La France va mobiliser 50 millions d'euros, selon son ministre des Affaires étrangères Jean-Noël Barrot.
« pire crise humanitaire »
Le gouvernement soudanais n'a pas été invité à Londres, et a protesté auprès du Royaume-Uni, l'accusant de mettre sur un pied d'égalité l'État soudanais « souverain et membre des Nations Unies depuis 1956 » et les FSR, « milice terroriste qui commet des génocides et des crimes contre l'humanité ».
L'armée contrôle le nord et l'est du Soudan, tandis que les FSR dominent une partie du sud et la quasi-totalité de la vaste région du Darfour, dans l'ouest. Les deux camps sont accusés d'exactions et d'atrocités.
« Le Soudan est la pire crise humanitaire dans le monde aujourd'hui mais n'a pas l'attention du monde », a déploré lundi la cheffe de l'Unicef, Catherine Russell. Le nombre d'enfants tués ou mutilés est par exemple passé de 150 cas vérifiés en 2022 à 2 776 pour 2023 et 2024, un chiffre probablement sous-estimé.

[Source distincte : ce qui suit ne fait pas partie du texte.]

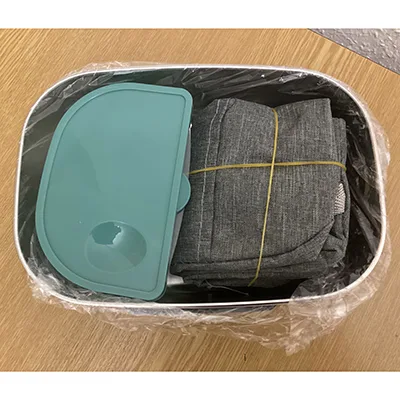 Electric lunch box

L'ONG Human Rights Watch appelle au déploiement d'une mission de protection des civils afin notamment de « garantir un acheminement sûr et sans entraves de l'aide humanitaire ».
Le Comité international de la Croix-Rouge (CICR) a mis en garde « contre les conséquences désastreuses qu'aurait une troisième année de guerre » au Soudan, où les civils « risquent de mourir faute d'accès à l'eau potable ou à un centre de santé opérationnel ».
Le Secrétaire général de l'ONU, Antonio Guterres, s'est quant à lui dit « très inquiet du fait que des armes et des combattants continuent d'arriver au Soudan », sans toutefois citer les pays de provenance.
Le Soudan accuse les Émirats arabes unis de soutenir le FSR, et a lancé une procédure devant la Cour internationale de justice. Les Émirats réfutent ces accusations et ont appelé mardi dans un communiqué les belligérants à un « cessez-le-feu » immédiat.